Stay clear of any kind of partisan activities.

"I encourage you to embrace your next few years here with enthusiasm, with respect for Zambia and its people, and with the recognition that these years will change your lives forever," he notes.

The envoy observes that Zambia is one of the best countries for one to be a Peace Corps Volunteer as it was one of the African countries with the largest Peace Corps programmes with more than 20 per cent of volunteers opting to serve for a third year owing to the warm welcome and strong bonds that are built between the local people and the American PCVs.

He acknowledges the continued collaboration that continues to exist between the Peace Corps and the Zambian Government since the Peace Corps programme was introduced in Zambia in 1994.

Ambassador Storella adds that the partnership has enabled the American volunteers to form lasting bonds with community members as they strived to promote world peace and friendship through service to the common cause of global development.

Mr Storella also notes that no matter what the volunteers' primary assignment was, all Peace Corps Volunteers were trained to engage their communities on programmes to mitigate HIV/AIDS and that the American government supported its Zambian counterpart in its efforts to tackle the disease.

"I urge the volunteers to pursue HIV/AIDS prevention with the greatest energy and enthusiasm.

Prevention is not an easy task but it is an essential one," he said.

He implores the volunteers to work closely with girls and women in their activities as an educated and empowered woman could break the cycle of poverty by adopting positive behaviour changes such as hygiene.

Her Royal Highness Chieftainess Nkomeshya Mukamabo II also echoes Mr Storella's sentiments against the volunteers whom she addressed as her children engaging themselves in partisan politics.

Chieftainess Nkomeshya boasts that besides hosting the 32 volunteers for 11 weeks in her Chiefdom, their ability to learn how to speak various local languages in Chongwe was testimony that she was a "Cosmopolitan type of Chieftainess and a United Nation" as all the 73 ethnic groupings were found in Chongwe District.

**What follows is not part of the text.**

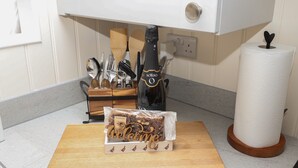 A kitchen counter with a wooden cutting board, a bottle of SORSO, a roll of paper towels, and a utensil holder. - Hillside Hut (Ashbourne)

Peace Corps have had several successful trainings at the Farmers Training Institute in the district.

She appeals to the American Government to consider spreading the volunteers to all the nine provinces and besides asking for another group of volunteers to her chiefdom soon as she was now left in a "mourning period" because she has "become a mother without children"and she wishes the volunteers well besides imploring them not to forget their home stay families even when they went back to America.

To show Government's appreciation to the work by the Peace Corps,Chongwe District Commissioner (DC) Japhen Mwakalombe admits that the gesture by the American volunteers would go a long way in supplementing state efforts in areas of agro forestry, environmental education and income generation.

Mr Mwakalombe notes that the HIV/AIDS is affecting the ability of all Zambians to pursue their goals as it affects all sectors of the economy but expresses optimism that with partnership and hard work among various stakeholders, including, lives of those infected and affected would be saved.

Country Peace Corps director Thomas Kennedy reminds the 32 PCVs that they would return to America different persons, adding that being avolunteer was a tough job but advises them to be patient and gentle.

To sum it all, programme and training director Nancy Yuill notes the anniversary among others created an opportunity for America to re-affirm its commitment to global peace and understanding besides celebrating the amazing gifts and assets the 32 were taking to theirnew communities in Zambia.

"Trainees, over the past 11 weeks, you have refined skills you didnot even know you had, you have acquired knowledge you did not know existed and you have polished your attitudes to a fine sheen.

You came here to Zambia with the heart for this assignment and now you have the skills and knowledge to put that passion to work. Well done!"Yuill stresses.

That the Peace Corps mission is paying off in Zambia should be appreciated as their works continue to supplement Government efforts in the various sectors of the economy.